La definición de la agresión es una de las cuestiones fundamentales del DIP actual por lo que significa para mantener la paz y la seguridad internacionales. Es absolutamente necesario tener una definición de la agresión, devenida en un concepto jurídico el día que la guerra de agresión fue declarada prohibida y se convirtió en un crimen internacional.

4.5.1. Utilidad e impugnación de la definición de la agresión:

Una definición de la agresión tendría considerable fuerza política y moral si la produce la Asamblea General de las Naciones Unidas conforme lo demandan la mayoría de los Estados.

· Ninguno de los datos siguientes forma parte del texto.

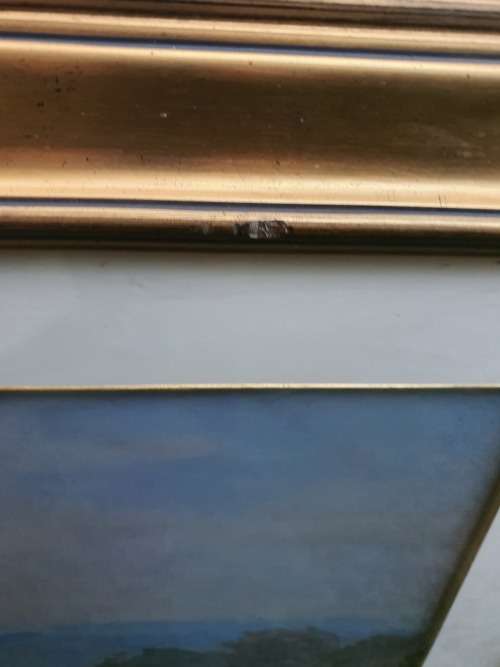 Very large framed gilt wood framed wildlife print impala etc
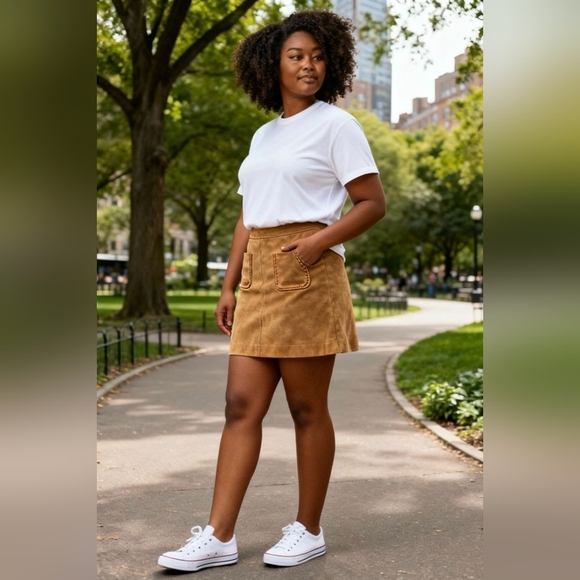 LOFT Faux Suede Mini Skirt Tan/Khaki Size 10 A-Line Pockets - Picture 8 of 8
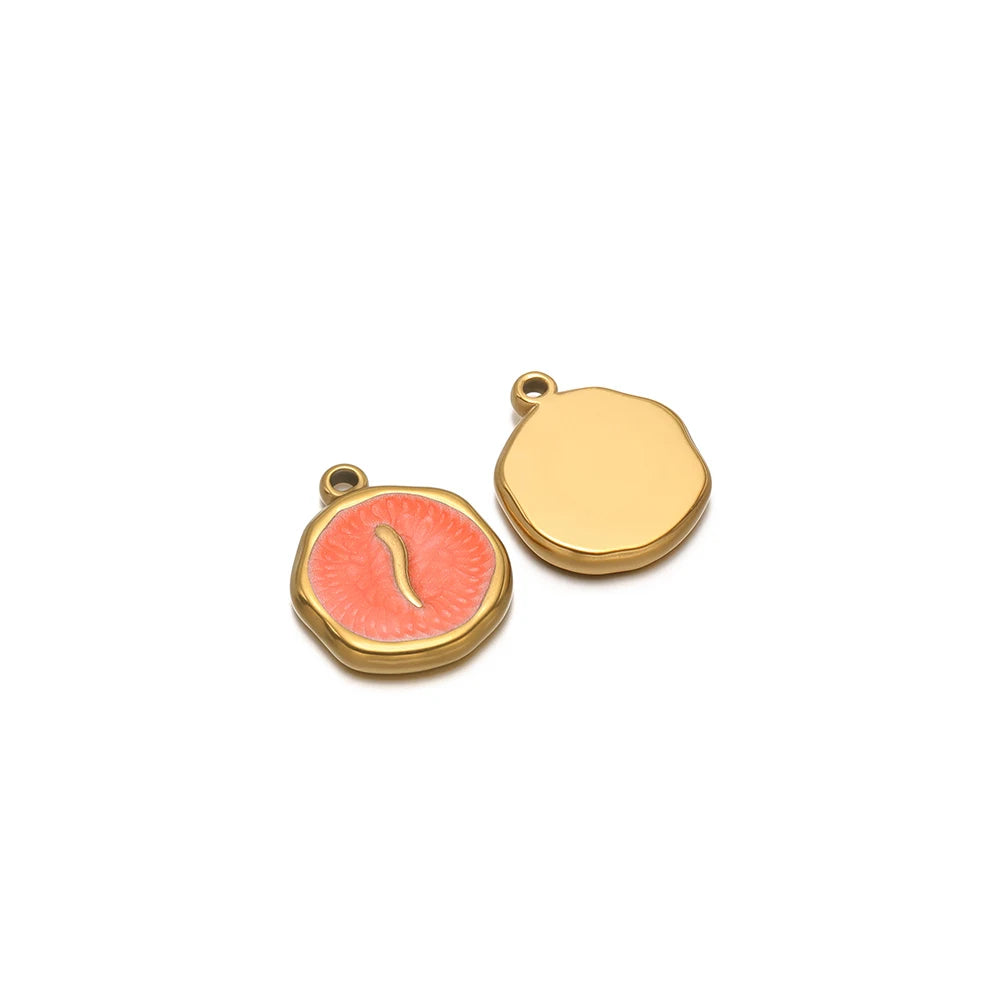Enamel snake charm pendant, orange round with gold-tone border and plain gold-tone charm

La utilidad de definir la agresión se puede expresar en las siguientes razones:

1) la definición es factible jurídica y técnicamente;

2) tendría una fuerza moral y política considerable;

3) facilita la labor de los órganos internacionales que deben determinar sobre el agresor y la agresión;

4) haría a Naciones Unidas más eficaces para resistirla y liquidarla;

5) contribuiría a determinar claramente los casos en que el Consejo de Seguridad tiene el poder de intervenir;

6) precisaría los casos en que es permitido a un Estado recurrir a la fuerza en ejercicio de la legítima defensa;

7) permite a la opinión pública orientarse rápidamente al momento en que surja un conflicto sobre quién es el agresor y quién es la víctima a la que debe prestarse ayuda.

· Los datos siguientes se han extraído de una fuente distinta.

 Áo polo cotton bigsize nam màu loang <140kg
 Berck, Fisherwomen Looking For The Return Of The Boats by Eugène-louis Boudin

Los Estados que impugnan definir la agresión se esfuerzan en señalar objeciones que resumimos en:

1) una definición de la agresión adoptada por resolución de la Asamblea General no sería obligatoria ni para el Consejo de Seguridad, ni para la Asamblea General, ni para los Estados miembros;

2) podría constituir un retraso en el momento en que se produjeran graves acontecimientos que deba conocer el Consejo o la Asamblea General;

3) facilitará la agresión permitiéndole camuflagearse;

4) sería inútil si no tiene un valor práctico. La oposición imperialista a definir la agresión lo es porque toda su política se nutre de la agresión en todas sus formas.

Un análisis de las experiencias de tantas agresiones y particularmente en el siglo actual, permite una definición jurídica de la agresión; de ahí el sólido fundamento de la propuesta soviética a Naciones Unidas en 1952 sobre que “es posible y deseable, con vista a asegurar la paz y la seguridad internacionales y de desarrollo el derecho penal internacional, definir la agresión por sus elementos constitutivos y que es de un interés cierto que las directivas sean formuladas con vista a guiar, en el futuro, a los organismos internacionales, a calificar la agresión”.

Luego se sucedieron: el establecimiento de un Comité Especial por la Asamblea General en 1954 que no llegó a una definición del concepto, el aplazamiento de la ejecución del proyecto de Código de Delitos contra la Paz y Seguridad de la Humanidad elevado a la Asamblea General en 1957 hasta resolver la definición de la agresión, y la creación de una jurisdicción penal internacional para juzgar a los transgresores del Código; la Comisión formada en 1957 por la Asamblea General para estudiar los comentarios de los Estados sobre el proyecto de definición de la agresión; en 1967 se creó otro Comité Especial.

Funcionó una comisión sobre la cuestión de la definición de la agresión en la Sexta Comisión de la Asamblea General, y desde entonces se ha trabajado en dicha dirección.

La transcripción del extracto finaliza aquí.